The same study also found that relationships between the adults is equally critical for student success: “Research shows that the more teachers collaborate, the more they work together on instructional improvement, the higher the test scores of their students. That’s because collaborative work builds social capital that provides students with access to valuable support.” The more we see “relationships” as the core in what we do, whether it is with students or adults, the more likely we will be to create conditions where all learners, not just students, can excel.”
Building relationships is not just for our students but for the entire school community. Hopefully, some of the ideas below can help or are a refresher or validation of some of the work you already do in your classrooms/schools.
Below is the full article:
Simple things can make a significant difference in our classroom environments, yet we should be intentional about them. Every year we should strive to make it the best year students have, and if we all did this, the school would only progressively get better for our students.
Below are some straightforward ideas that can help shape a fantastic year for your students.
1. Greet kids at the door.
There is a significant difference between walking into a room and being welcomed versus one where you feel like you are not even noticed. This sets the tone for the entire day and reminds kids that we are privileged to have them show up every day.
2. Play music to liven up the day.
This might be something that I am a little biased on, but the environment of a room that I walk into that has lively music playing, as opposed to one that is quiet, reminds me of warming up for a game as an athlete. Music can often bring a smile to people entering the room and is just a terrific way to start the day.
3. Go out of your way to make your first interactions positive.
At some point, kids make mistakes.

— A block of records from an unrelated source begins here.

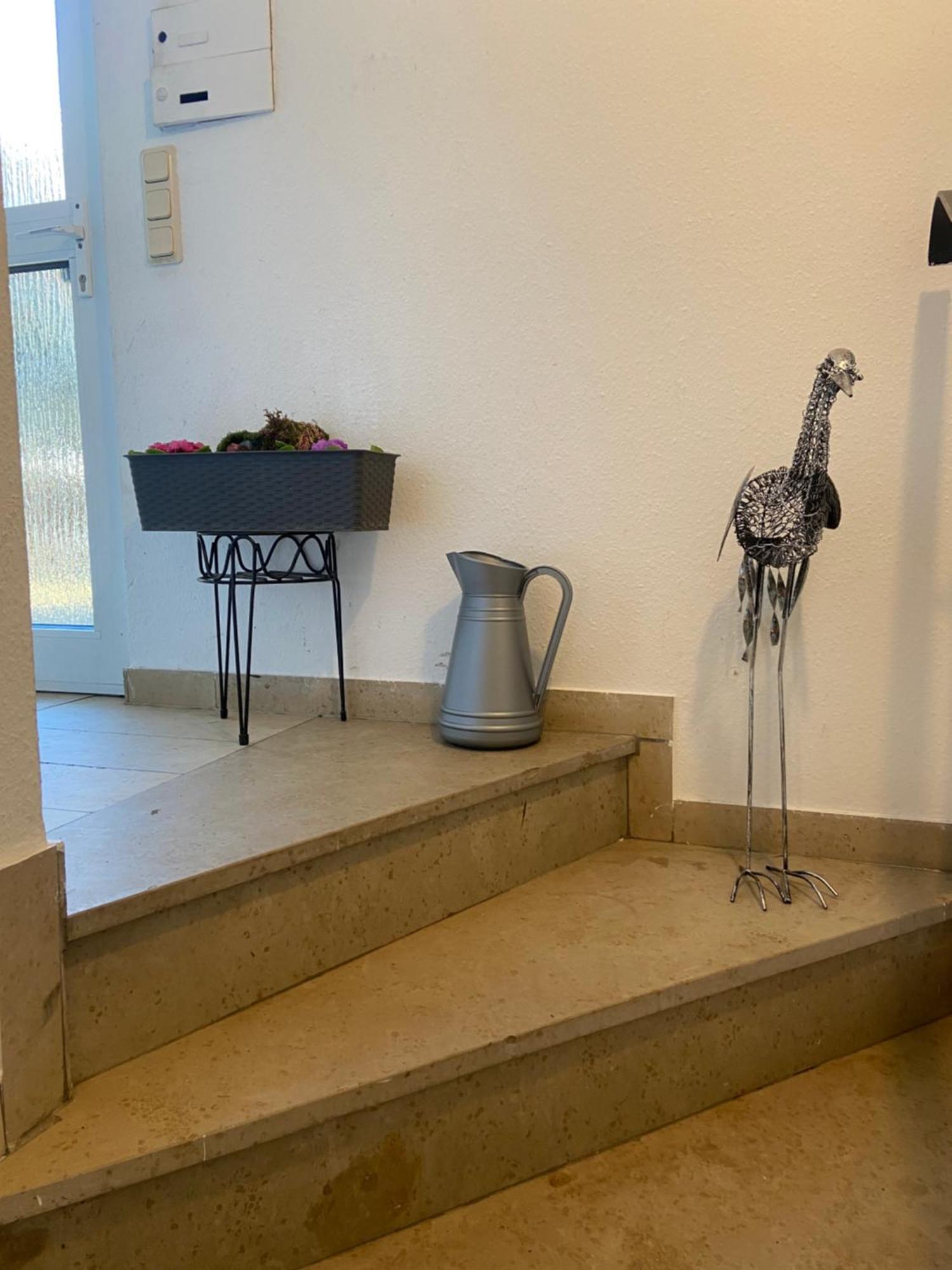 In Saarbruecken Stadtnahe Gemuetliche Wohnung Am Deutsch-Franzoesischen Garten Exteriör bild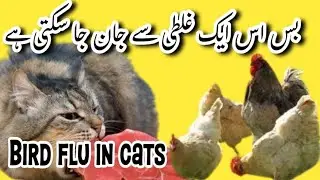 Cats are getting sick with bird flu || Here's how to protect them || bird flu in cats || cat care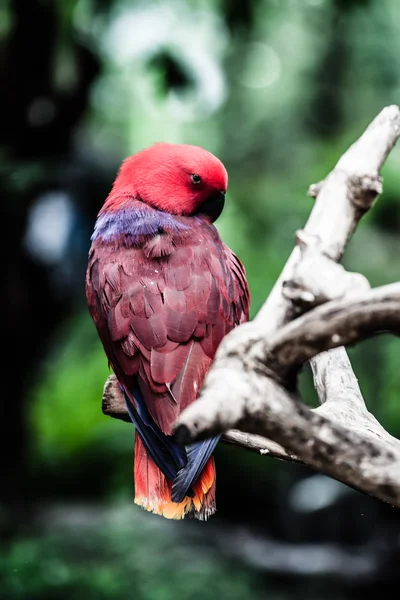 White parrot — Stock Photo, Image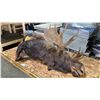 Image 1 : 100% IMITATION LARGE MOOSE PROP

As a principal, I would go out of my way to connect with kids before they were sent my way. A student that knows they are valued will make the tough conversations a lot easier later on. This time spent is an investment in the child, not an expenditure.
4. Call parents early and make sure they know you care about their kid.
I learned this vital idea from a former secretary at my school. It is a great call (and far too often surprising) when parents hear from their child’s teacher, and the conversation is ONLY a positive one. This is an investment in an emotional bank account, and lets parents know that you genuinely care about their child.
5. Have ideas about what you will do, but constantly tailor things for the students in front of you.
Be flexible. What you did last year might not work this year because these are different kids. Don’t over-plan; ask questions and learn about your students.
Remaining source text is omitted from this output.